**DIRECTIONS:**
Leave the images out. Give every line below again, precisely.

**EXERCISE DATA:**
---

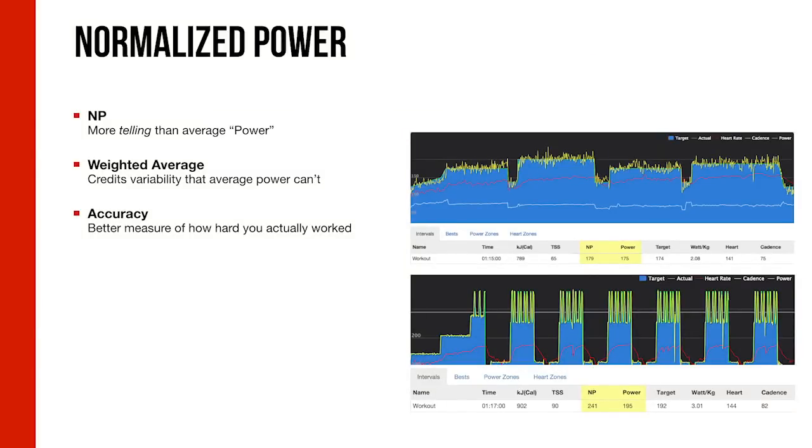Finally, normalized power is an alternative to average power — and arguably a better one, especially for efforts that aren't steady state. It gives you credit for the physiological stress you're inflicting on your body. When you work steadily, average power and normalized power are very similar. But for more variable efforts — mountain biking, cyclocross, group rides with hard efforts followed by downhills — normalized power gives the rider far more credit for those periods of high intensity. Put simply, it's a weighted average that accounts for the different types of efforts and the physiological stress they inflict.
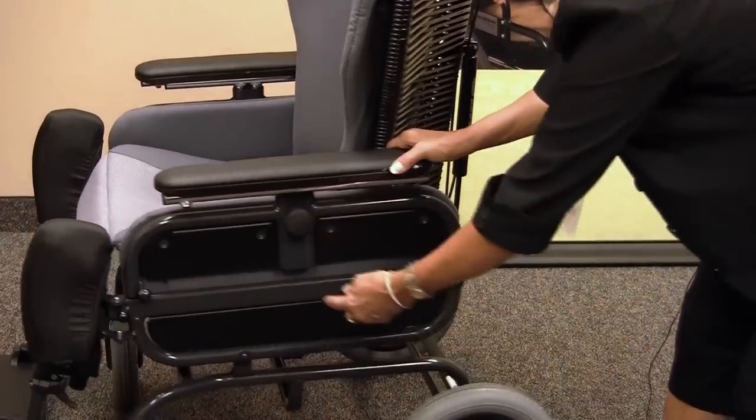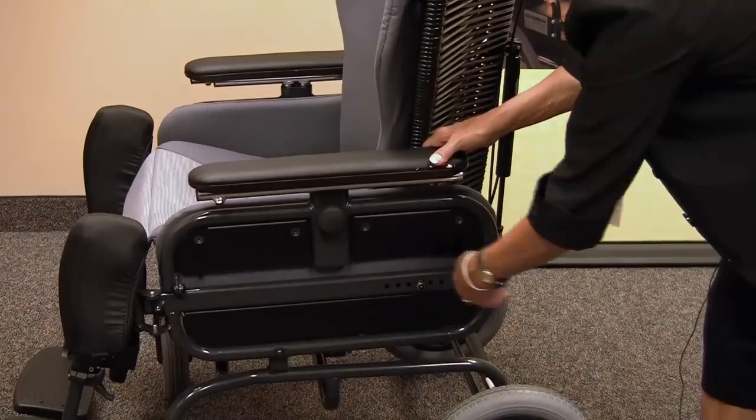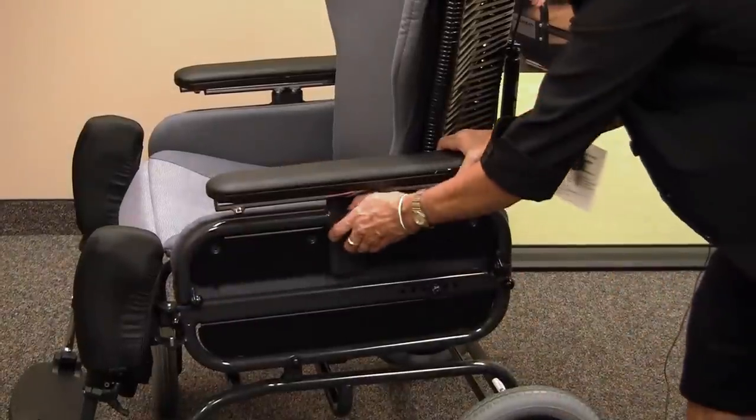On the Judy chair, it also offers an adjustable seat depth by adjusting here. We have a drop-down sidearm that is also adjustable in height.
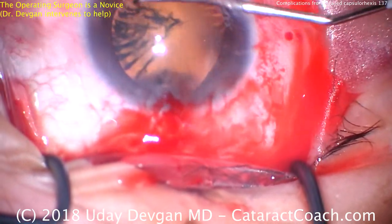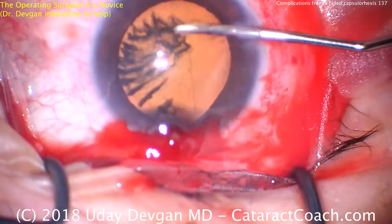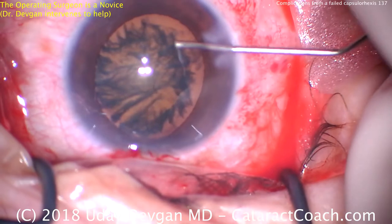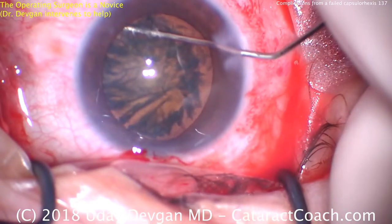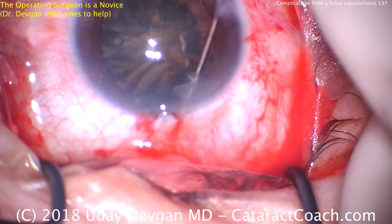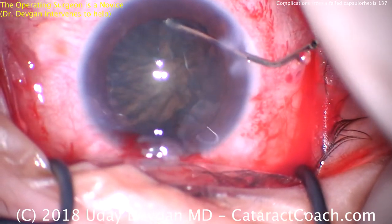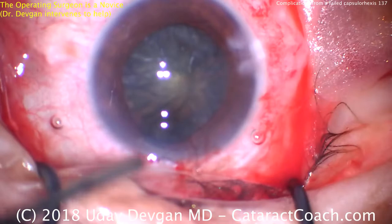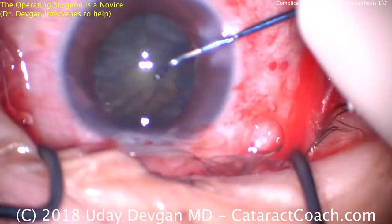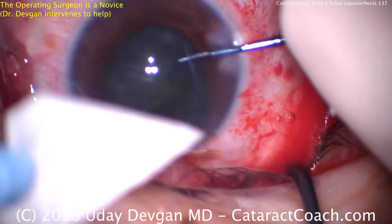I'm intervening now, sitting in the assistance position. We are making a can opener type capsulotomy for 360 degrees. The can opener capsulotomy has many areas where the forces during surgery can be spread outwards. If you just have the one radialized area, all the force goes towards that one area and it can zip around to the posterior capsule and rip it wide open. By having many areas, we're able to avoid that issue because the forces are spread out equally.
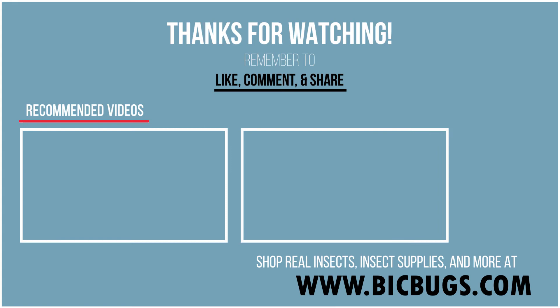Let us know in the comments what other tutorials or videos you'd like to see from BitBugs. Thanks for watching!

---

**OUTPUT OF THE TASK:**
Finally, normalized power is an alternative to average power — and arguably a better one, especially for efforts that aren't steady state. It gives you credit for the physiological stress you're inflicting on your body. When you work steadily, average power and normalized power are very similar. But for more variable efforts — mountain biking, cyclocross, group rides with hard efforts followed by downhills — normalized power gives the rider far more credit for those periods of high intensity. Put simply, it's a weighted average that accounts for the different types of efforts and the physiological stress they inflict.
On the Judy chair, it also offers an adjustable seat depth by adjusting here. We have a drop-down sidearm that is also adjustable in height.
I'm intervening now, sitting in the assistance position. We are making a can opener type capsulotomy for 360 degrees. The can opener capsulotomy has many areas where the forces during surgery can be spread outwards. If you just have the one radialized area, all the force goes towards that one area and it can zip around to the posterior capsule and rip it wide open. By having many areas, we're able to avoid that issue because the forces are spread out equally.
Let us know in the comments what other tutorials or videos you'd like to see from BitBugs. Thanks for watching!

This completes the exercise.